Ich denke, es muss irgendeine Option geben, damit man Netbeans sagt, dass es alle benötigten jars mit in mein Programm packt? 

Nur wie geht das?

Danke im Voraus
Gruß Robert


----------



## Wildcard (27. Nov 2007)

Man kann jars nicht in andere jars packen. Technisch zwar möglich, ein Standard Classloader wird dann aber nichts aus den inneren jars finden.


----------



## Razer (27. Nov 2007)

Danke für die Info.
Nur wie fügt Netbeans die aus der javacomm benötigten Klassen in meine Jar ein?

Gruß Robert


----------



## yajp (28. Nov 2007)

meinst du das ?


----------



## Guest (28. Nov 2007)

> Man kann keine Jar-Dateien in Jar-Dateien packen. Es ist zwar indirekt möglich, aber auch mit etwas Aufwand verbunden und macht letztendlich die gesamte Applikation etwas unflexibler. Dazu mal in die FAQ gucken.
> NetBeans erzeugt im dist-Verzeichnis deines Projektes die Jar-Datei deiner Applikation und falls externe Bibliotheken eingebunden wurden, auch ein Unterverzeichnis lib, in welchem externe Bibliotheken abgelegt werden.



Bei mir wird aber kein Unterverzecihnis lib erstellt.

Gruß Robert


----------



## yajp (28. Nov 2007)

Hi,
hast Du Deinem Projekt auch explizit die Library hinzugefügt? (properties/libraries) ?
welche NB version verwendest du denn ?

Grüsse


----------



## L-ectron-X (28. Nov 2007)

Schau dir das mal an.

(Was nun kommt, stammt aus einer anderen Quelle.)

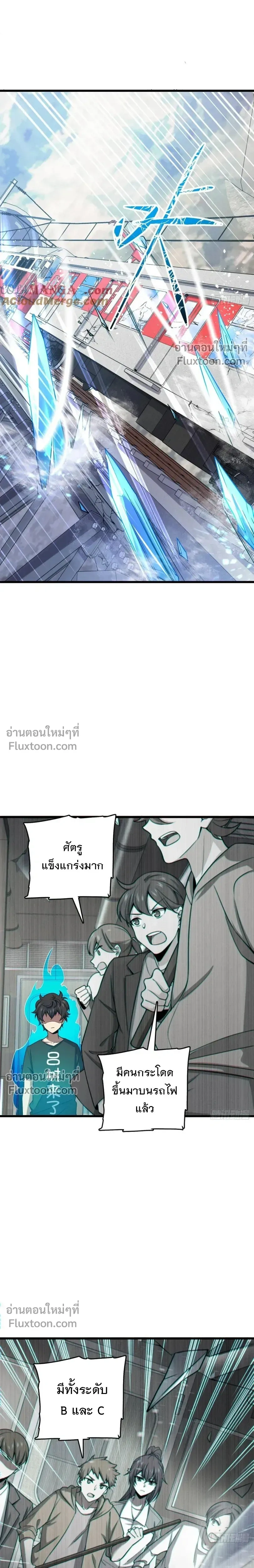 หน้าที่ 19
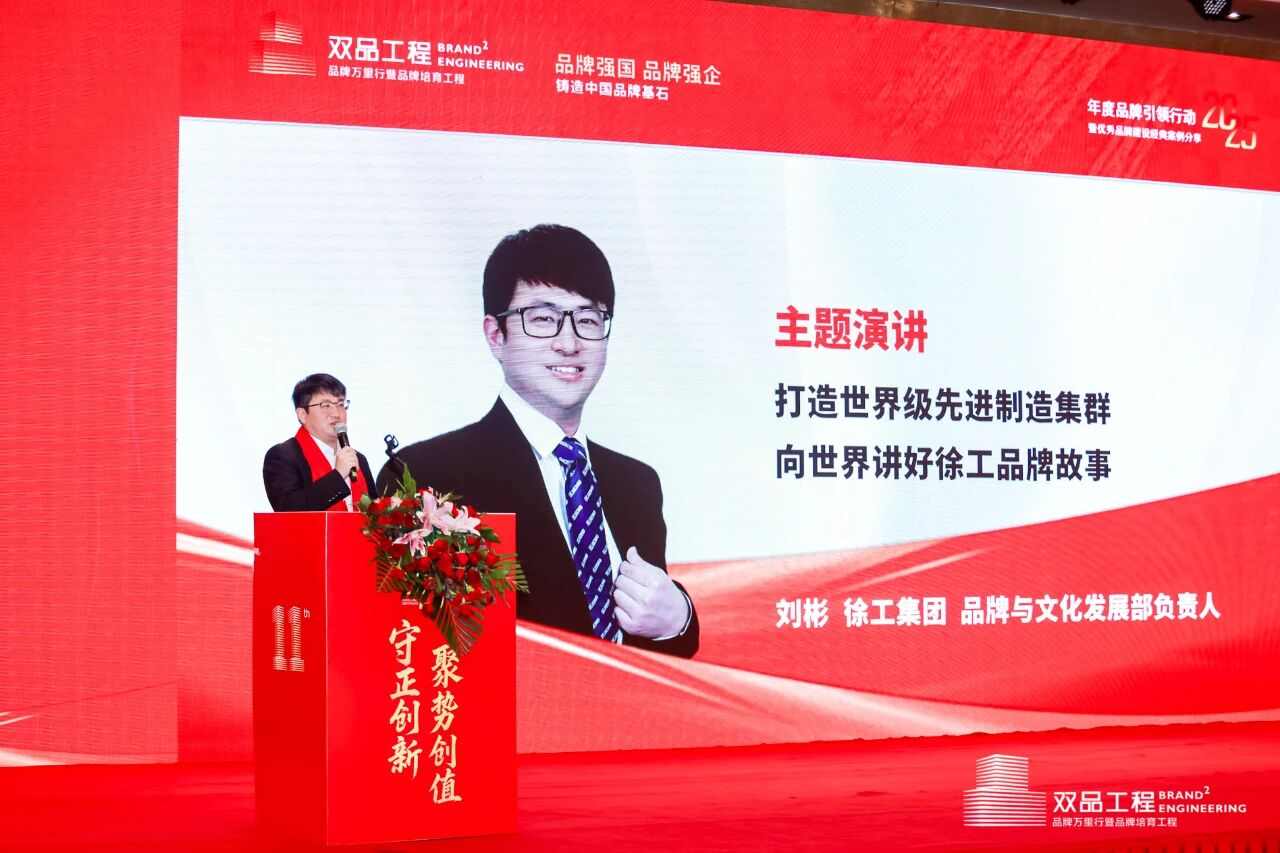 载誉前行！中企动力斩获「双品工程·领军 品牌」大奖，引领企业数智化建设新高度(图4)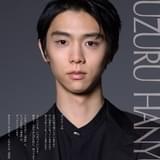 写真＆インタビュー小冊子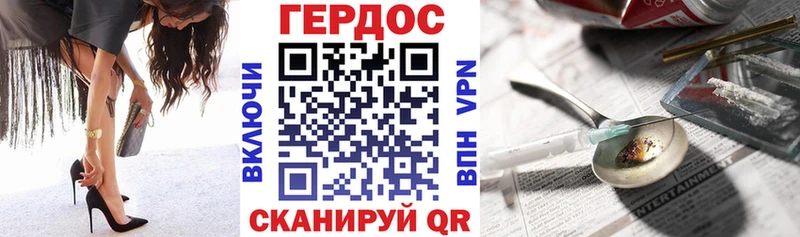 как найти   shop какой сайт  Героин Heroin  Нижние Серги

Von diesem, Tutorial brauchst du den ersten Teil, in welchem beschrieben wird, wie man NetBeans externe Bibliotheken bekannt macht.
http://www.java-forum.org/de/viewtopic.php?p=303634#303634


----------



## Guest (29. Nov 2007)

Hallo,

Ich hab das nun mittels dem Library Manager die javacomm eingfügt. Jedoch keine Besserungen. Wenn ich das ganze vom OS heraus ausführe, In meiner Jar hab ich noch mmer nichts von der javacomm drinnen.

gruß Robert


----------



## Razer (29. Nov 2007)

Hab gesehen, dass ich nicht angemeldet war.
Gruß Robert


----------



## yajp (29. Nov 2007)

Hast Du die Library auch Deinem Projekt hinzugefügt ? (vgl. oben)


----------



## Razer (29. Nov 2007)

Ja is links im Browser unnter Libraries drinnen.

Gruß Robert


----------



## L-ectron-X (29. Nov 2007)

Die JavaxComm.jar ist eine Biliothek die nicht mit in deine Projekt-Jar eingefügt wird. Das ist auch gar nicht möglich. Vielmehr erzeugt NetBeans nun ein fertiges Projekt, in dem auch die JavaxComm eingebunden und ausgegeben wird.
Suche mal in deinem Projektverzeichnis nach dem Ordner dist, in welchem sich ein Ordner lib mit den von deinem Projekt benötigten Bibliotheken befinden sollte.
Die Ausgabe des Projektes wird mit [Shift]+[F11] erledigt.


----------



## Razer (30. Nov 2007)

In meinem dist Ordner befindet sich aber kein Ordner Lib!!!


----------



## L-ectron-X (30. Nov 2007)

Mach mal Rechtsklick auf dein Projekt, dann im Kontextmenü ganz unten einen Klick auf _Properties_ und im sich öffnenden Dialog auf _Libaries_. Steht dort deine JavaxComm mit in der Liste?
Wenn nicht, musst du sie dort noch einfügen.


----------